The Report notes a right to adequate housing. Tons of Council policies impede housing development. Maybe they’re justifiable during normal times (I generally think not, but they’re debatable); that debate ends in emergency. It is absolutely atrocious that Christchurch Council maintained its rules against secondary flats in the middle of a post-quake housing crisis when people on the east side of town were living in sheds, garages and tents. Those kinds of policies should have an automatic sunset after an event like an earthquake. Similarly for rules around setbacks, yard size, and parking minimums. Fortunately, Wellington has less baked-in stupidity than Christchurch did.

Similarly, there should be an automatic mechanism for identifying new contractual uncertainties revealed by the precise nature of a natural disaster, and getting test cases through the courts.

When people are in the middle of getting insurance settled, government should not change standards around earthquake strength. As soon as they do that, insurance rebuilds turn into fights about apportioning what’s a betterment and what’s a rebuild. The time for doing that is a few years after an earthquake event, after engineers have properly figured out what new things were revealed by the earthquake – or well before any earthquake event so that it can be worked into existing insurance contracts. Not in the immediate rebuild aftermath.

HRC Chief Commissioner David Rutherford’s piece in The Press was excellent. I also enjoyed Michael Wright’s piece highlighting Ralph Bungard’s travails in the Avoca Valley.


One Response to “Red Zone: Property rights are human rights”
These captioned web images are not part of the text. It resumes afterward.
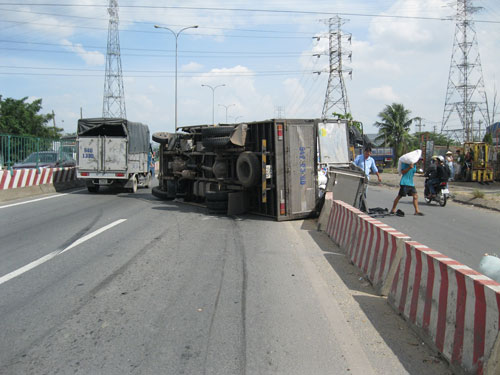 Hiện trường vụ tai nạn 2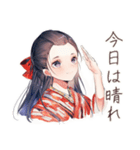大正女学生の秋★和レトロ日常（個別スタンプ：8）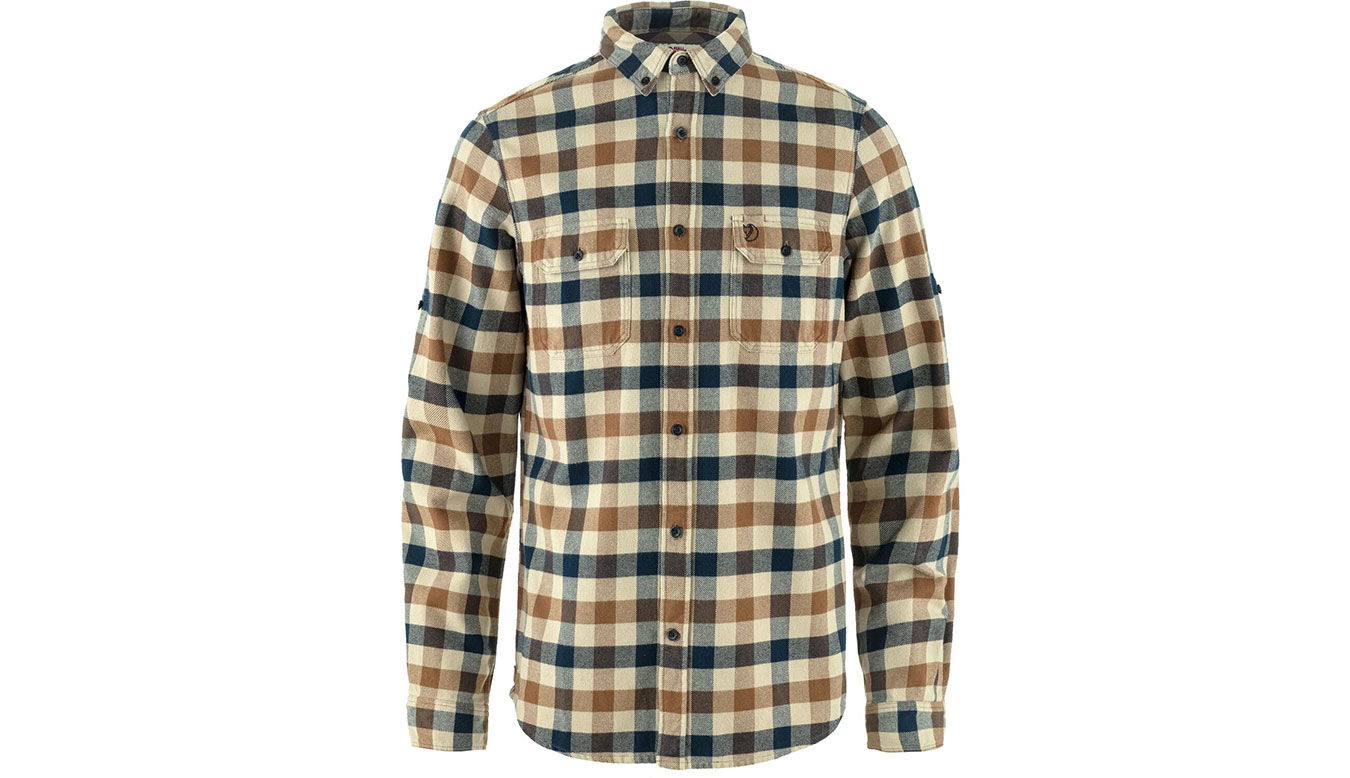 Skjorte FJÄLLRÄVEN Skog Plaid Flannel Shirt Flerfarvet | F81353-118-555, 1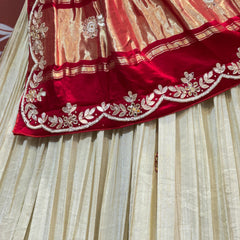 PURE TISSUE LEHENGA WITH PURE GAZI DUPATTA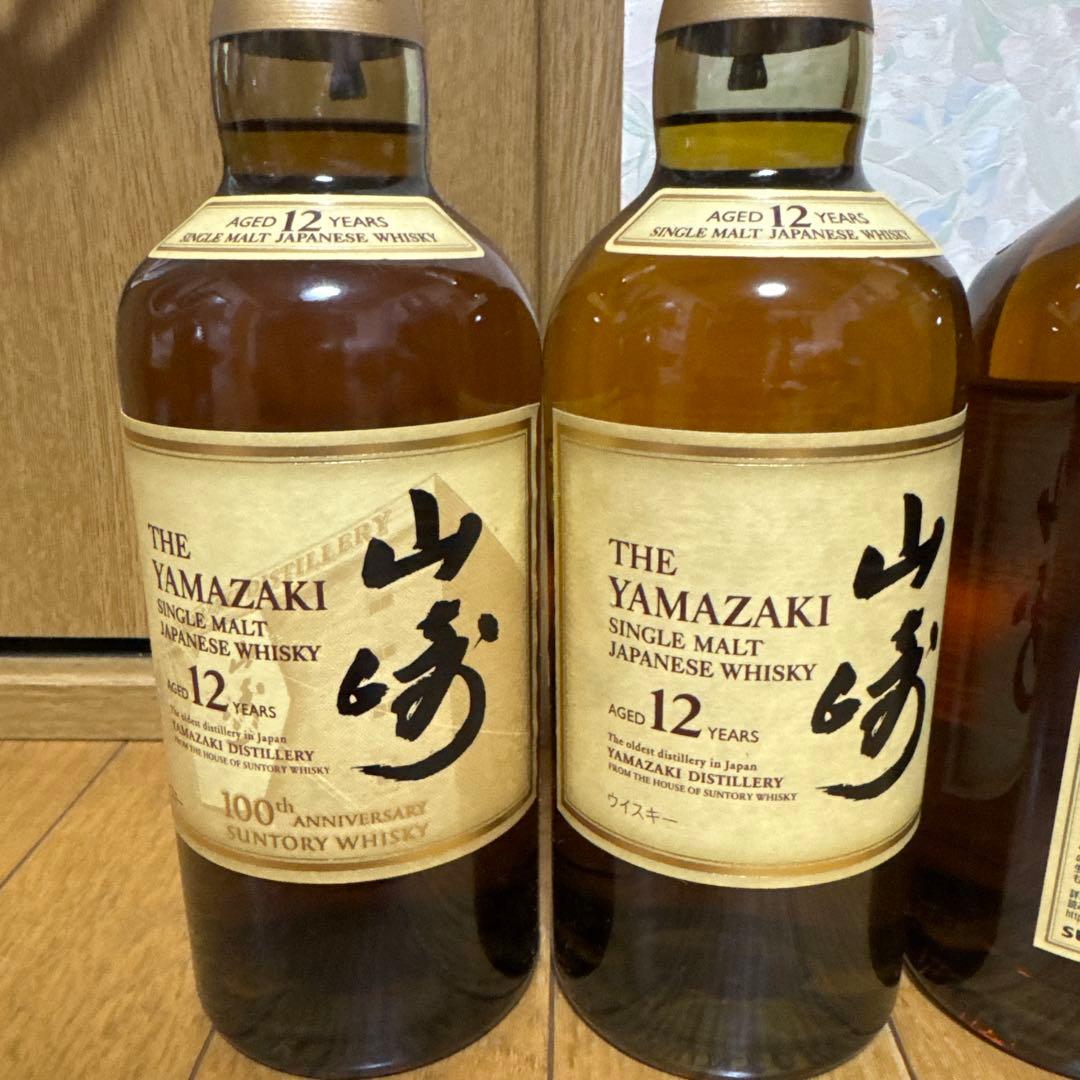 山崎 12年 シングルモルトウイスキー 4本セット　新品未開封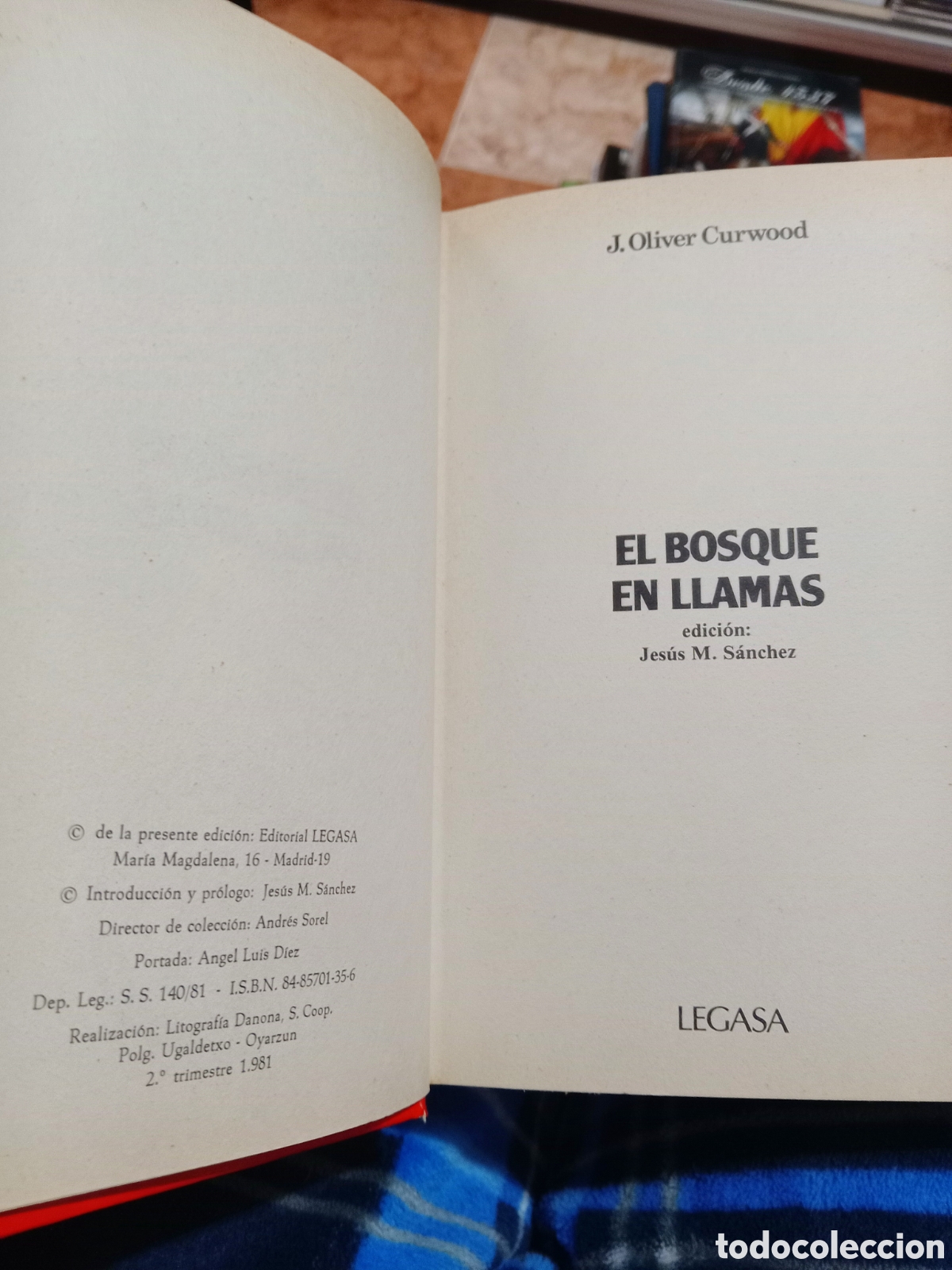 Libros de segunda mano: El bosque en llamas j Oliver curwood - Foto 4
  • Decisions around what was and was NOT red zoned were also problematic. Land inside the four avenues was badly damaged by the quakes, but because the powers-that-be did not want to open that particular can of worms, no land inside the four avenues (Moorehouse, Fitzgerald, Blenheim and Park) was red zoned. This made a rebuild prohibitively expensive for most property owners because suddenly huge protective piling was required in order to ensure that the replacement building (which had to be replaced exactly as it was before or it was classified as betterment) could withstand another quake. The land damage did not stop at the Avon River, as the ‘red zoning’ seems to apply. The land damage extends well into the central business district.
    Effectively, because the government did not want to pay out for expensive inner city land, they decided what was damaged based on what it would cost. Political chicanery at large.